Legislator dari Dapil Banten ini menguraikan empat alasan penolakannya. Pertama, sistem perpajakan Indonesia dinilai belum mampu memberikan insentif memadai. Data Direktorat Jenderal Pajak mencatat hanya 16,5 juta wajib pajak aktif dari total 275 juta penduduk.
Kedua, infrastruktur digital Indonesia masih rentan. Sepanjang 2023–2024, terjadi 3.814 kasus kebocoran data menurut Indonesia Data Protection Authority.
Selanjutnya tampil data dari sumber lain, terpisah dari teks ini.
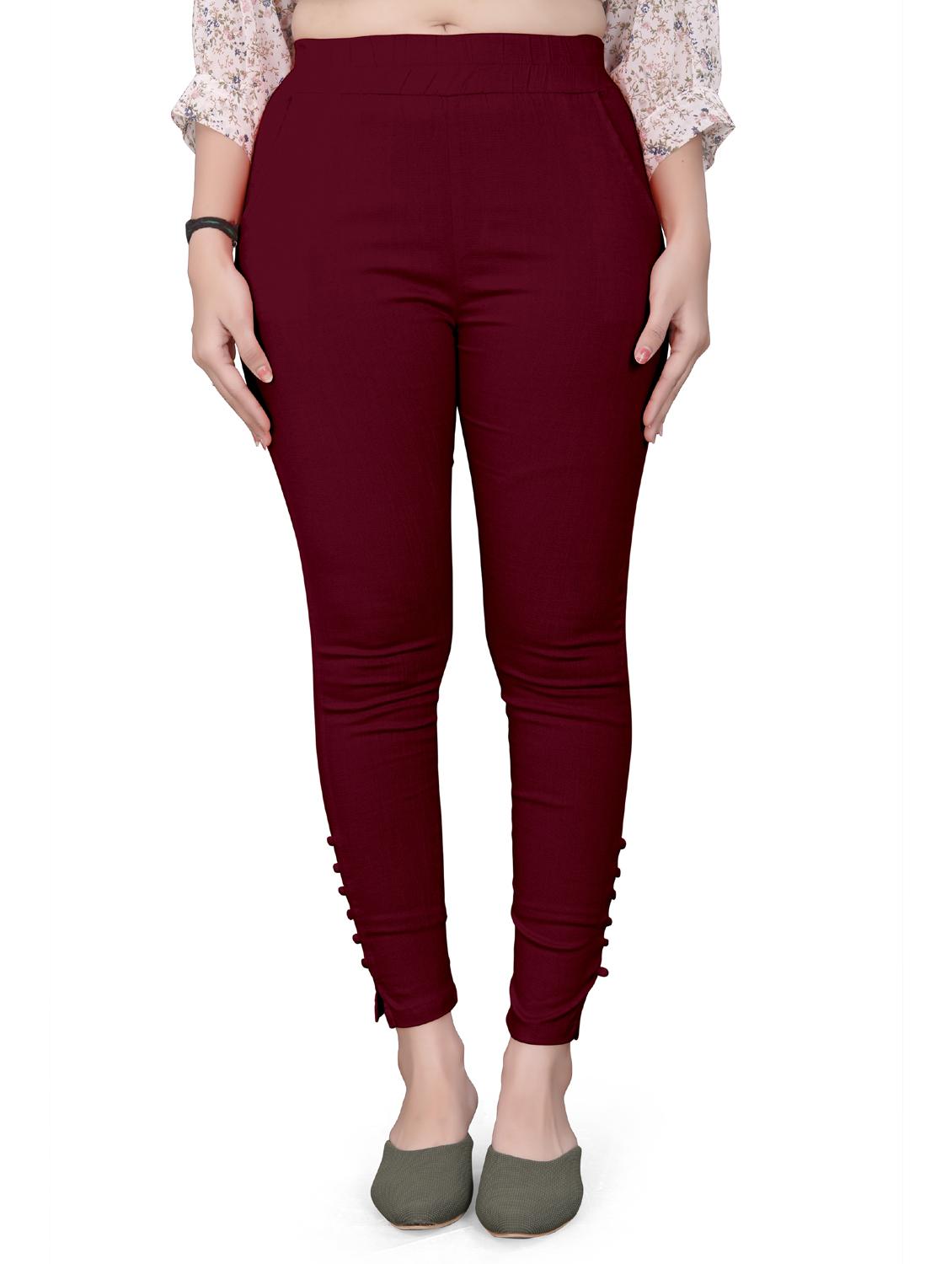 purple cotton trousers - 20069864 - Zoom Image - 0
“Bayangkan risiko jika data transaksi seluruh warga terkonsentrasi dalam satu sistem," ucapnya.
Ketiga, perlindungan hukum bagi korban kebocoran data dinilai belum memadai. Sarifah mencontohkan kasus kebocoran data BPJS Kesehatan 2023 yang menimpa 279 juta orang, namun tidak disertai kompensasi layak bagi korban.
Ia juga menyoroti laporan Pusat Pelaporan dan Analisis Transaksi Keuangan (PPATK) yang mencatat 120 ribu rekening nasabah diperjualbelikan di situs media sosial hingga e-commerce.
Keempat, data KTP dan NPWP di bank belum terintegrasi sehingga berpotensi memunculkan masalah baru dalam pelaksanaan kebijakan tersebut.
"Payment ID adalah solusi cacat untuk masalah yang salah. Alih-alih meningkatkan penerimaan pajak, kebijakan ini justru mengorbankan hak privasi warga," tegasnya.
Sebagai alternatif, Sarifah mengusulkan tiga langkah: perbaikan sistem pajak dengan kompensasi otomatis, penundaan payment ID hingga infrastruktur keamanan data siap, dan penerapan model pelaporan berkala alih-alih per transaksi.
"Kita harus belajar dari negara lain. Insentif, bukan paksaan. Perlindungan, bukan eksploitasi. Komisi I DPR akan terus mengawal isu ini untuk memastikan hak warga terlindungi," pungkasnya.